Nobody’s Boy is a story of self-actualisation. Setting the backdrop under the veneer of hospitable roof amidst a small village in France, Remi lived with his foster parents. Although poor, he was well-provided and treated comfortably by Mother Barberin until one day his foster-father, who was a bricklayer, came back from the city due to an accident at the construction site.
“I was a foundling. But until I was eight years of age I thought I had a mother like other children, for when I cried a woman held me tightly in her arms and rocked me gently until my tears stopped falling. I never got into bed without her coming to kiss me, and when the December winds blew the icy snow against the window panes, she would take my feet between her hands and warm them, while she sang to me.”
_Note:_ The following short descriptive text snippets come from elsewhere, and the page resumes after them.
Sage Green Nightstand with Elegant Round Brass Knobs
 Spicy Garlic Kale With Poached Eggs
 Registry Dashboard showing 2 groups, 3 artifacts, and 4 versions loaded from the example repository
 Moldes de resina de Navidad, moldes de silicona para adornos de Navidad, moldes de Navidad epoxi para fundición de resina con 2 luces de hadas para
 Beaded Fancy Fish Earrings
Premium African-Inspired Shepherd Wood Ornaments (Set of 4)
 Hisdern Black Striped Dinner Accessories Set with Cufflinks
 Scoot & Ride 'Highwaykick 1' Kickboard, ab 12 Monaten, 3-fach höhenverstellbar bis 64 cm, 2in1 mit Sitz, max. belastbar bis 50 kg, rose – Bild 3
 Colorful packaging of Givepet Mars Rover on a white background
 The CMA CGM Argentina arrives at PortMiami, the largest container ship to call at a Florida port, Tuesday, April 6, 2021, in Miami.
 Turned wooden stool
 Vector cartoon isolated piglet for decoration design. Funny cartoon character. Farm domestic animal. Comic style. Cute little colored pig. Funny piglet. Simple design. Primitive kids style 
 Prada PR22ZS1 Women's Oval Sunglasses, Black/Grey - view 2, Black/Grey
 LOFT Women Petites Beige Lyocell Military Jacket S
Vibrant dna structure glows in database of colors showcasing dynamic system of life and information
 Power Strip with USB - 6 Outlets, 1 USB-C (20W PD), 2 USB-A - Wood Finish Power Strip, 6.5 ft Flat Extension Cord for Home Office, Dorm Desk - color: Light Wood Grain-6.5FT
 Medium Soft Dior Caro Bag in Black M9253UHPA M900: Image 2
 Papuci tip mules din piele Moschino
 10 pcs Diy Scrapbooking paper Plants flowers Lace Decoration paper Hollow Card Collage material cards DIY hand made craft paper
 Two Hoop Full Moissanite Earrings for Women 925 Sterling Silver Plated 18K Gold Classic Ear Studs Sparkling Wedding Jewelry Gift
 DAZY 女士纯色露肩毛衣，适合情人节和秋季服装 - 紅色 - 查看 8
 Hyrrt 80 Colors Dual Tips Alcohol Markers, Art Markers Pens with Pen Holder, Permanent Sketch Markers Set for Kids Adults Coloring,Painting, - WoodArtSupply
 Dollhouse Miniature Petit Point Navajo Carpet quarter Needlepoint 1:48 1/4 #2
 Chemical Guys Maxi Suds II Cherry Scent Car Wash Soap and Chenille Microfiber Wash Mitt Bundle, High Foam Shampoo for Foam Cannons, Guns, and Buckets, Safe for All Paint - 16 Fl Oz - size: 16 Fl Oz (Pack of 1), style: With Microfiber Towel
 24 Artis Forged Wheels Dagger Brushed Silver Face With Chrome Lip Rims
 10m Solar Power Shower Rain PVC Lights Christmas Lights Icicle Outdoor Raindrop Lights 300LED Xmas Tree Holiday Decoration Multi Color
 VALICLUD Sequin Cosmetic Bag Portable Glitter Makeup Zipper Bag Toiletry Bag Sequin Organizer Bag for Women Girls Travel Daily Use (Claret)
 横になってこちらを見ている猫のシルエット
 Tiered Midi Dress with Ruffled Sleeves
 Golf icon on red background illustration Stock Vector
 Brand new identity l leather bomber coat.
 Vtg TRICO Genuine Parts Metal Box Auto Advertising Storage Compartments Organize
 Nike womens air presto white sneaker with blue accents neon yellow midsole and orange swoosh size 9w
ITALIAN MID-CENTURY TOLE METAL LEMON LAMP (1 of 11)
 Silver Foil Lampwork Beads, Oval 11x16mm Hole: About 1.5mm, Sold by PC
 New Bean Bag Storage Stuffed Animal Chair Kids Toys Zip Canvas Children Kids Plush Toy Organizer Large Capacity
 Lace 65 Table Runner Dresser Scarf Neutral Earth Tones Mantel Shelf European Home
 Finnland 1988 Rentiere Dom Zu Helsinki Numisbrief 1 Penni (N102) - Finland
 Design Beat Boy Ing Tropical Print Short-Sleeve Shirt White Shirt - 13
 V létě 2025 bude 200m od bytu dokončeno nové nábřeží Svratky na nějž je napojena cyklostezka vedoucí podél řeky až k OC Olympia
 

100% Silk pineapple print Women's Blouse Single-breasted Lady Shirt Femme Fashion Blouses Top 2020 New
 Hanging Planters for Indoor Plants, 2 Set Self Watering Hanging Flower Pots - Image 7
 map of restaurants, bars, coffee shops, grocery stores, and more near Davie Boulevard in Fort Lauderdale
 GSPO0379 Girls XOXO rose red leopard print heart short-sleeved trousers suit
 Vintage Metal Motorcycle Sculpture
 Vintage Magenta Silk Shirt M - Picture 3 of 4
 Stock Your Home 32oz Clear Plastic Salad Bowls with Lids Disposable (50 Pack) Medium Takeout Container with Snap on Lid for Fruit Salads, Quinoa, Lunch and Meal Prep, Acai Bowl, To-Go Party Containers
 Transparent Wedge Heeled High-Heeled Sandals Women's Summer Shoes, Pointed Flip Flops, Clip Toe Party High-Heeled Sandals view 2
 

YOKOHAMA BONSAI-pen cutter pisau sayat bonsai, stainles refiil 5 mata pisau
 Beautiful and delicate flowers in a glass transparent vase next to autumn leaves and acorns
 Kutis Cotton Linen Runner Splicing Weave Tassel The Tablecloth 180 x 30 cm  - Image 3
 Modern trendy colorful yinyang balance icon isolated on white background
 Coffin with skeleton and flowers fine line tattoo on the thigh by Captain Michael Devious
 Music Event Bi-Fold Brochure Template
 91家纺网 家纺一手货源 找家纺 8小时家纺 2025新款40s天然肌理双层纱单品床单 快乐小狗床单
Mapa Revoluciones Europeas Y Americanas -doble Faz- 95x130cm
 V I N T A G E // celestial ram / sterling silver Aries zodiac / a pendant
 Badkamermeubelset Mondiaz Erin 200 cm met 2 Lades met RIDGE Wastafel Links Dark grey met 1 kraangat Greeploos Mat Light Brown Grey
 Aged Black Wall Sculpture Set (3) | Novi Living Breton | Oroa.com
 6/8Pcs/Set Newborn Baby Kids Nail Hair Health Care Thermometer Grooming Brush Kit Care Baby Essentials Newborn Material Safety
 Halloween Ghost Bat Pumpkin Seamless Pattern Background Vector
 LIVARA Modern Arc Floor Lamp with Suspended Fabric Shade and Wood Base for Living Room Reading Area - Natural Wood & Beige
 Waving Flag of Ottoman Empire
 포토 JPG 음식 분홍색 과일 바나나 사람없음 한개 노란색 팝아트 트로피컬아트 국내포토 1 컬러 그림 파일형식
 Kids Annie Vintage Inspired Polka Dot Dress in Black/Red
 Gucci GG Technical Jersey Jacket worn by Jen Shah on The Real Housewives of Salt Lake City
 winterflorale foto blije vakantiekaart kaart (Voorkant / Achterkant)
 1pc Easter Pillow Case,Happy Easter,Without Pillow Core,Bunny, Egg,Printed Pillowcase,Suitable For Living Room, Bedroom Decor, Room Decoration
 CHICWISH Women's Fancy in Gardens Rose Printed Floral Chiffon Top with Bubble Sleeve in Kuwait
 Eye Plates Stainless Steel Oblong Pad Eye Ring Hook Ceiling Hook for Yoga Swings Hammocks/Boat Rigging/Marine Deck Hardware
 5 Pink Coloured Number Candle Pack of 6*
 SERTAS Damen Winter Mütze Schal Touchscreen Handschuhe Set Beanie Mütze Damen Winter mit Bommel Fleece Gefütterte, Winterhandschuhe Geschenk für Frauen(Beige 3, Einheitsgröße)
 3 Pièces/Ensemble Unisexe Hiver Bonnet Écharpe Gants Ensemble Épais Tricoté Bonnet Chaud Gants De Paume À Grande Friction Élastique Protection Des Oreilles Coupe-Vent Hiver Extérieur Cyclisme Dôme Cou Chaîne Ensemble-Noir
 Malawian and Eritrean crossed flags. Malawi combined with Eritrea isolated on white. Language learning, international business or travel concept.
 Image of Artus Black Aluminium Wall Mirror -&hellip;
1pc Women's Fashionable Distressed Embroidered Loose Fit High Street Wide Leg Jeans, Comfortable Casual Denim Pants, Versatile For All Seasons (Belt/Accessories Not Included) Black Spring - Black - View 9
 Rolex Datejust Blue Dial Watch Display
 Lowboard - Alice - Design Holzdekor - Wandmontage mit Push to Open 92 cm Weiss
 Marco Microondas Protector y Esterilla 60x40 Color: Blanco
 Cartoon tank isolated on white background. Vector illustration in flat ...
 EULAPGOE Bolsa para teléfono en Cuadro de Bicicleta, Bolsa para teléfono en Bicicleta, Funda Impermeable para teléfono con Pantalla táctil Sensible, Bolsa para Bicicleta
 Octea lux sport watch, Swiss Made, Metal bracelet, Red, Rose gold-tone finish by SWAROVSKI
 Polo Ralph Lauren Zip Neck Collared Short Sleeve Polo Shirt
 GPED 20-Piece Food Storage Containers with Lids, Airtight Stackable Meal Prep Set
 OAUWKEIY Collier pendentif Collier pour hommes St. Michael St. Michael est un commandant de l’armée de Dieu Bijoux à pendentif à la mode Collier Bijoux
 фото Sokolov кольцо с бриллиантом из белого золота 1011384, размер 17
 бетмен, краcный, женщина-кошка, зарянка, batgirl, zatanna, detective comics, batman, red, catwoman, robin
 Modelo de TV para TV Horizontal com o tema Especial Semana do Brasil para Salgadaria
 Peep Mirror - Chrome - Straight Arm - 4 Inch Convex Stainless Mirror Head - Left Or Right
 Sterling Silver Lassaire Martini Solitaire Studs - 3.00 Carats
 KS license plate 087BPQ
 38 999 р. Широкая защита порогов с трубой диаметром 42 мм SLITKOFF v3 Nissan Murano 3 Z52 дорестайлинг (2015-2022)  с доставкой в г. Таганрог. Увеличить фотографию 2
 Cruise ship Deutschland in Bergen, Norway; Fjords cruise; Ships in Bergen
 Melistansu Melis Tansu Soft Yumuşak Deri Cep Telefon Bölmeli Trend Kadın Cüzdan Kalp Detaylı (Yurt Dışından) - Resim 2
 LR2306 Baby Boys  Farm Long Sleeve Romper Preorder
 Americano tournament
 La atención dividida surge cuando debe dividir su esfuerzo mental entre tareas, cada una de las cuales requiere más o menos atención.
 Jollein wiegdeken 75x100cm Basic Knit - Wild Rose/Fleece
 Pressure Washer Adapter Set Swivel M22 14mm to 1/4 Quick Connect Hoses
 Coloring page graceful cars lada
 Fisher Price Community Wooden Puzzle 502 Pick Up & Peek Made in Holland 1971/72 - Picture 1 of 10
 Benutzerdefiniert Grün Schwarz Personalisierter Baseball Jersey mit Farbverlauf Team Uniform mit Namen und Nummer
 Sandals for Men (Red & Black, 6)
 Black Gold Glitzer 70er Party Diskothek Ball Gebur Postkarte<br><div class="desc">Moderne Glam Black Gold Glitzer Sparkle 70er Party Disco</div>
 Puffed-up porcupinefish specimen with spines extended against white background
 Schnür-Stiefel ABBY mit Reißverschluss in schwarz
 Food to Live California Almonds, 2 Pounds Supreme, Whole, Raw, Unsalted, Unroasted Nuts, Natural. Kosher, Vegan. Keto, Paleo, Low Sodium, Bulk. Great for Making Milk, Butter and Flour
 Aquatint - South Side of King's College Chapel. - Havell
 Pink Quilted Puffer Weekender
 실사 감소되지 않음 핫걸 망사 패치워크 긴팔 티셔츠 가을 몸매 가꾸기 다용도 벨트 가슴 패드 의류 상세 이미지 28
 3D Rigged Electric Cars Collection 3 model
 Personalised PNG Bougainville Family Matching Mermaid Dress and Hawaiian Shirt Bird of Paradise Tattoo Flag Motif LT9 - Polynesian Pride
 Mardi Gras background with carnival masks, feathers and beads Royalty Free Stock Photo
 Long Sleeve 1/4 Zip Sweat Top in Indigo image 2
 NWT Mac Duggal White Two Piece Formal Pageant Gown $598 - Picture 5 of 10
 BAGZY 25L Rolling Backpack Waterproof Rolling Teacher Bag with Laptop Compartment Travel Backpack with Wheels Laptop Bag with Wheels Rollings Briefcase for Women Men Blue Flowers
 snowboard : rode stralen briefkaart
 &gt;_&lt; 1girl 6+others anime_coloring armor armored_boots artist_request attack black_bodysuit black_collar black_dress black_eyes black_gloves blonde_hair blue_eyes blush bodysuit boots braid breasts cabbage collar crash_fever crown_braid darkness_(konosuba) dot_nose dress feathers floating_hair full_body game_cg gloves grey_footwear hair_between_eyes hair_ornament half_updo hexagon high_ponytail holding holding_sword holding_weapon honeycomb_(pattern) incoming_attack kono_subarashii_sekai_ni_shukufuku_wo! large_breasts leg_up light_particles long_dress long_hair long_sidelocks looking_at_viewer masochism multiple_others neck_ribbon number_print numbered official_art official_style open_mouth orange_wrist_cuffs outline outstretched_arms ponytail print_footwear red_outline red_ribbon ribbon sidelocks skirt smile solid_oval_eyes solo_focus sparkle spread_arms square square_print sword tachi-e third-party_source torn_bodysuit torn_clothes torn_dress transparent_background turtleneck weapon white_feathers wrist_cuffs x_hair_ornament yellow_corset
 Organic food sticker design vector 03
Under straitened circumstances, Remi was sold to an enigmatic Italian strolling player named Vitalis and began the journey across France alongside other phenomenal performers – three dogs (Signor Capi, Zerbino, Miss Dulcie) and a pet monkey (Pretty-Heart) which Vitalis owned. The recounting of the story through Remi was moving. His sincerity came alive on paper teeming with optimism in withstanding trials and tribulations while earning their living each day through performances across different villages in France. He was abundant with reverence and respectability towards one another, lovely attributes which were inadvertently passed on by his master Vitalis and the animals along the incessant tramps through the wintry weather.
“We started early the next morning. The sky was blue and a light wind had come up in the night and dried all the mud. The birds were singing blithely in the trees and the dogs scampered around us. Now and again Capi stood up on his hind paws and barked into my face, two or three times. I knew what he meant. He was my friend. He was intelligent, and he understood every thing, and he knew how to make you understand. In his tail only was more wit and eloquence than in the tongue or in the eyes of many people.”
Among all, the relationships which induced my tears were the love and friendship that Remi had with Master Vitalis and Capi the white dog. Vitalis was a genteel character who was not in a high up social position but always presented with a gleam of gentility and nobility on the inside; his paternal love towards Remi was obscure yet his actions was loving; and Capi with other animals that performed with Remi could just be as affectionate and caring as humans.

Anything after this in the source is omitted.